PLUTO Test Problems  4.4-patch2
Functions
init.c File Reference

Circularly polarized Alfven waves. More...

Functions

void InitDomain (Data *d, Grid *grid)
 

Detailed Description

This is a rotated version of a 1D setup where

\[ \rho = 1 \,,\quad v_x = V_0 \,,\quad v_y = |\epsilon|\sin(\phi) \,,\quad v_z = |\epsilon|\cos(\phi) \,,\quad B_x = 1 \,,\quad B_y = \epsilon\sqrt{\rho}\sin(\phi) \,,\quad B_z = \epsilon\sqrt{\rho}\cos(\phi) \,,\quad P = P_0 \,, \]

where $V_0$ is the translation velocity in the $x$ direction, $\phi$ is the phase ( $k_xx$ in 1D and ( $k_xx + k_yy$) in 2D), and $\epsilon$ is the wave amplitude ( $\epsilon > 0$ implies right going waves; $\epsilon < 0$ implies left going waves).

With this normalization, the Alfven velocity $V_A = B_x/\sqrt{\rho}$ is always unity.

The configuration is rotated by specifying $\tan\alpha = k_y/k_x$ and $\tan\beta = k_z/k_x$ which express the ratios between the $y$- and $z$- components of the wave vector with the $x$ component. In order to apply periodic boundary conditions everywhere, an integer number of wavelegnths must be contained in each direction, that is, $k_x = 2\pi/L_x$, $k_y = 2\pi/L_y$, $k_z = 2\pi/L_z$.

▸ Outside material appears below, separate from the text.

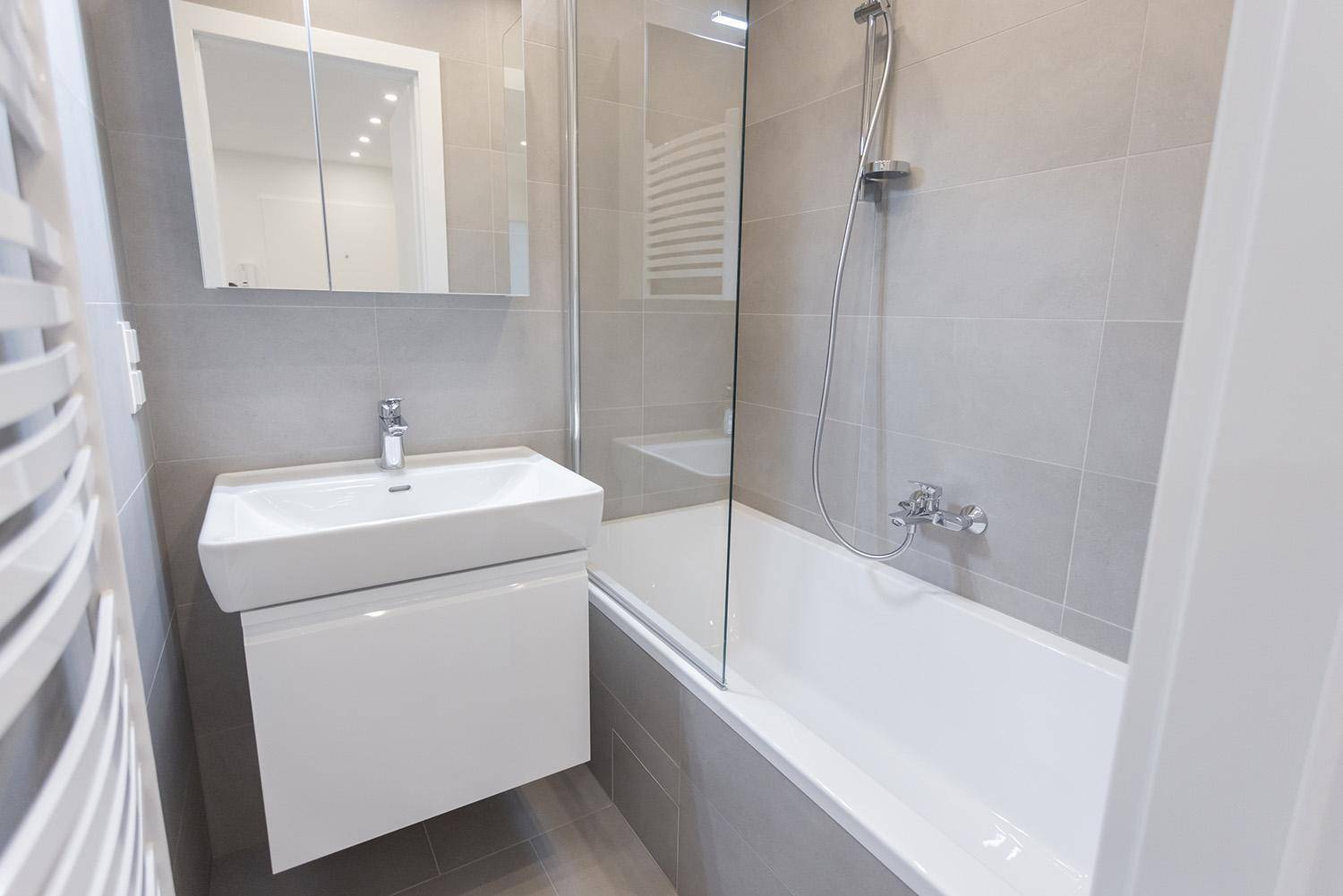 Modernes Badezimmer mit grauen Fliesen, Waschtisch und Badewanne mit Duschabtrennung aus Glas.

We use the tools in rotate.c which requires to specify the four integer shifts such that

\[ \tan\alpha = -\frac{j_x}{j_y}\frac{\Delta x}{\Delta y} = \frac{L_x}{L_y} , \qquad \tan\beta = -\frac{k_x}{k_z}\frac{\Delta x}{\Delta z} = \frac{L_x}{L_z} \]

The final time step is one period and is found from

$V_A = \omega/|k|$ –> $1/T = \sqrt{1 + \tan^2\alpha + \tan^2\beta}$

The runtime parameters that are read from pluto.ini are

Configurations:

Author
A. Mignone (migno.nosp@m.ne@t.nosp@m.o.inf.nosp@m.n.it)
Date
June 11, 2019

References:

Function Documentation

◆ InitDomain()

void InitDomain ( Data *  d,
Grid *  grid 
)

Assign initial condition by looping over the computational domain. Called after the usual Init() function to assign initial conditions on primitive variables. Value assigned here will overwrite those prescribed during Init().